• _What is expected_: Leaving out the pictures, please retype each record exactly.
======== Supplied records ========
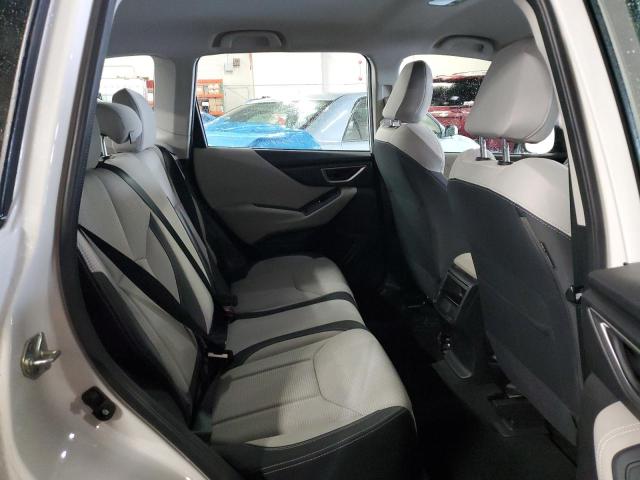 2021 SUBARU FORESTER JF2SKADC2MH479608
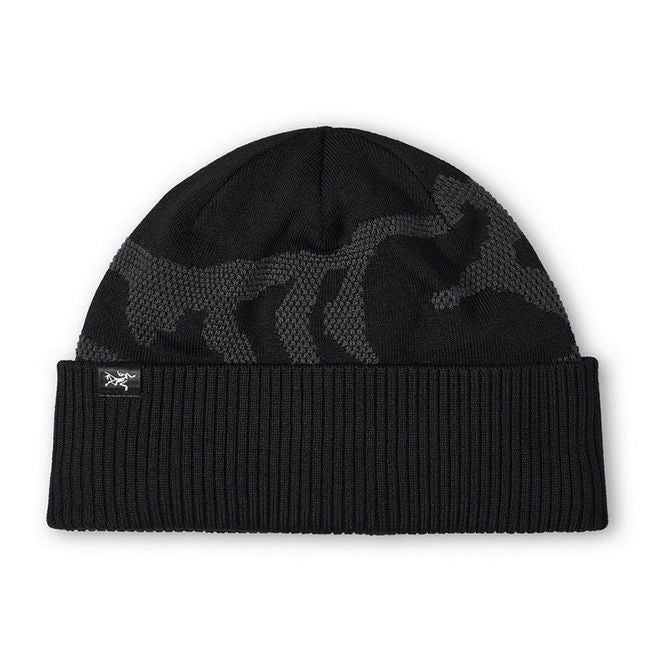 ARC'TERYX アークテリクス グロットリブトーク｜SUNDAY MOUNTAIN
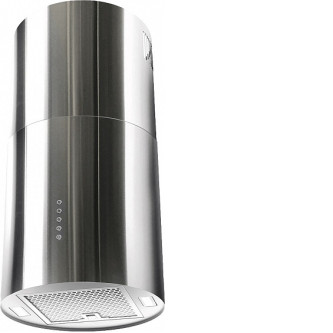 Вытяжка HAIER HVX-C481LX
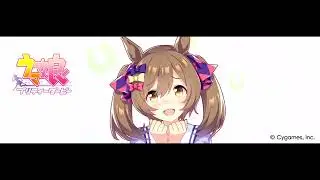 Legend-Changer - Game Size (Smart Falcon Only - Female Commentator)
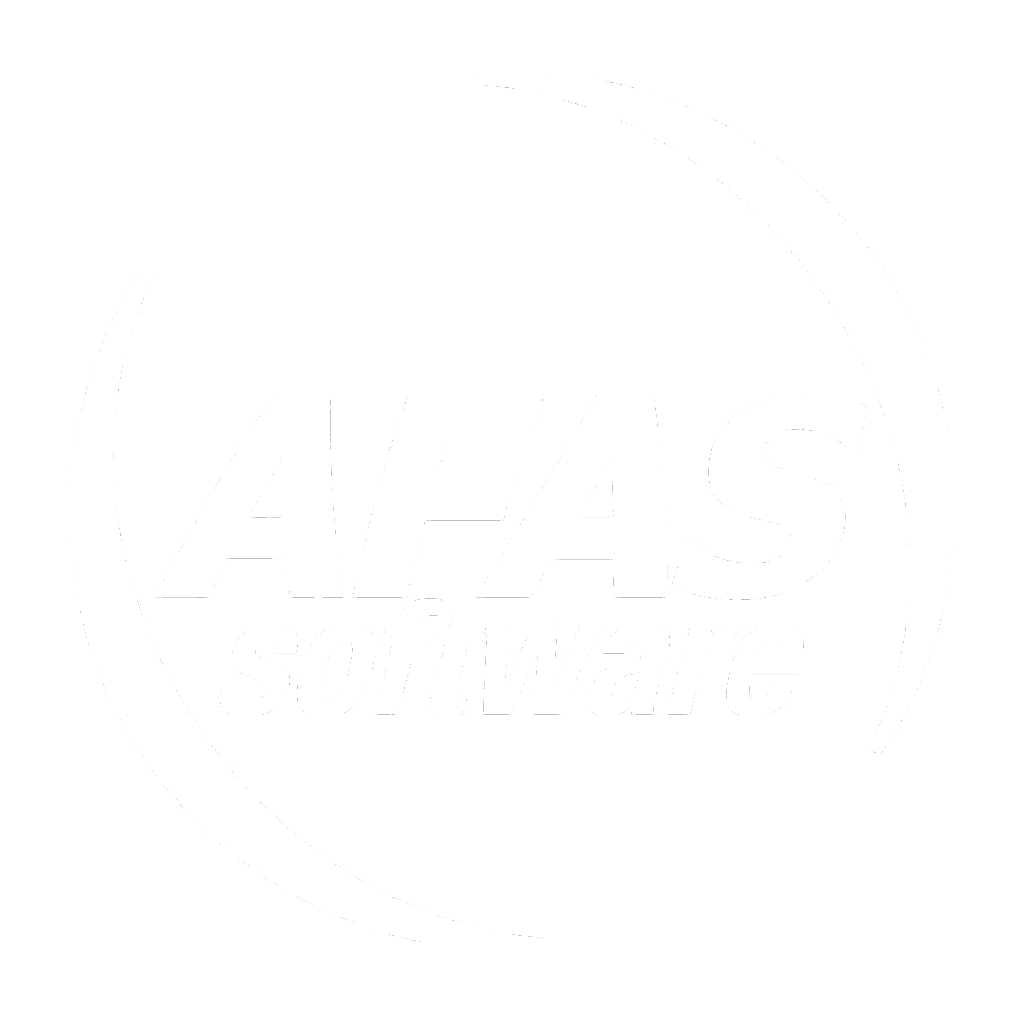 afas connector logo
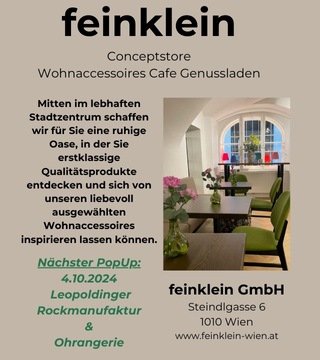 Tipps der Stadtspionin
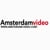 Amsterdam Video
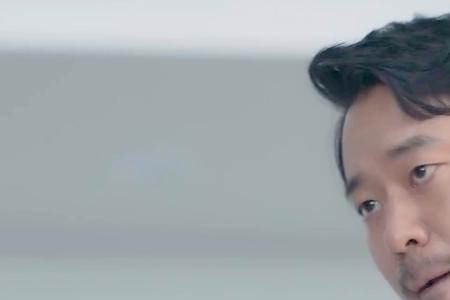 韩剧沙漠之王剧情介绍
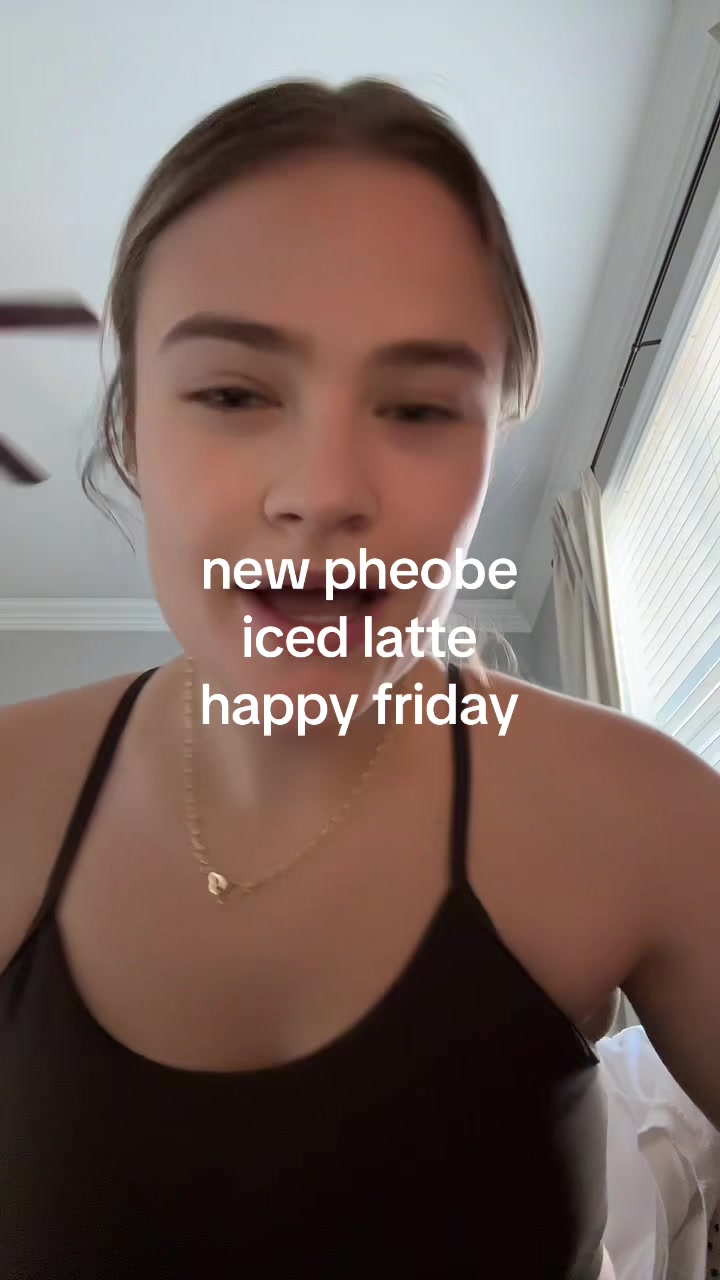 @kayla
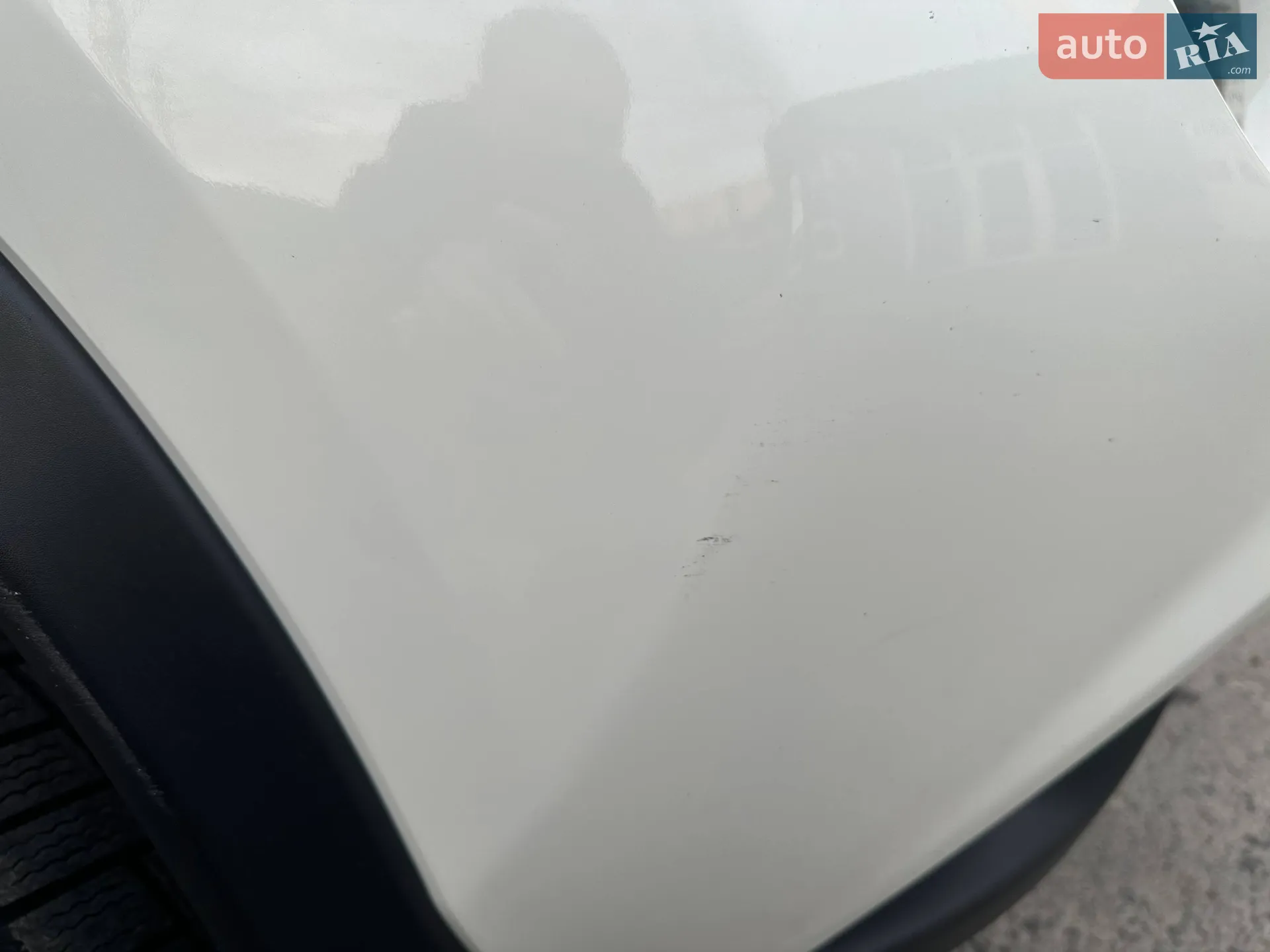 2019 Nissan Juke - мініатюра 31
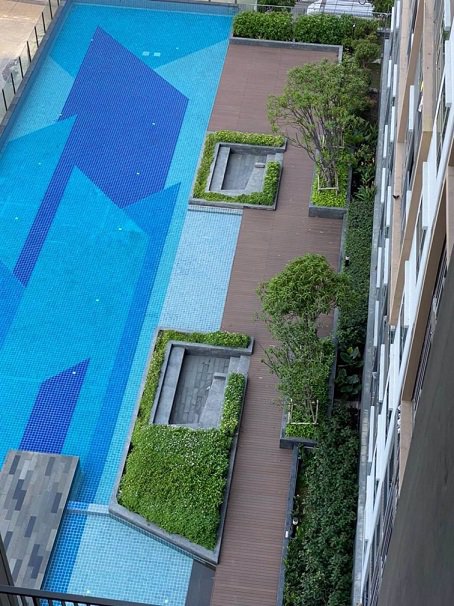 คอนโด-ฟิวส์-เซนเซ่-บางแค-fuse-sense-bangkae-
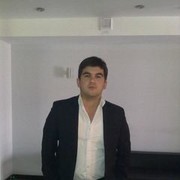 ���������� ����, ���� ������� QeMlO, 39 ���, ������������ ��� ������, ����� � ���������, c�������� ���������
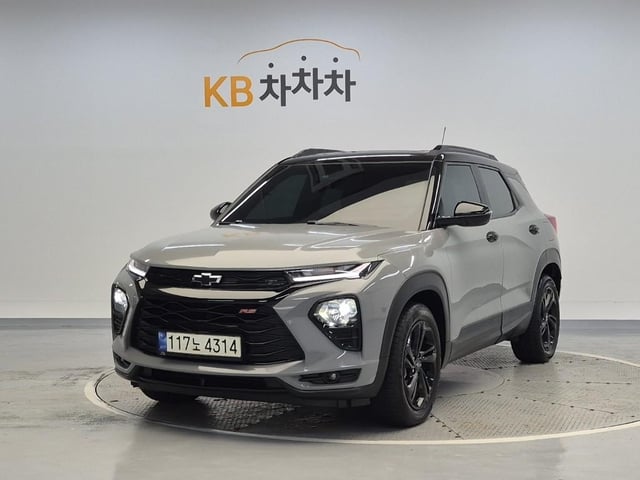 6101500049R1.jpg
========
• _Response to the exercise_:
 2021 SUBARU FORESTER JF2SKADC2MH479608
 ARC'TERYX アークテリクス グロットリブトーク｜SUNDAY MOUNTAIN
 Вытяжка HAIER HVX-C481LX
 Legend-Changer - Game Size (Smart Falcon Only - Female Commentator)
 afas connector logo
 Tipps der Stadtspionin
 Amsterdam Video
 韩剧沙漠之王剧情介绍
 @kayla
 2019 Nissan Juke - мініатюра 31
 คอนโด-ฟิวส์-เซนเซ่-บางแค-fuse-sense-bangkae-
 ���������� ����, ���� ������� QeMlO, 39 ���, ������������ ��� ������, ����� � ���������, c�������� ���������
 6101500049R1.jpg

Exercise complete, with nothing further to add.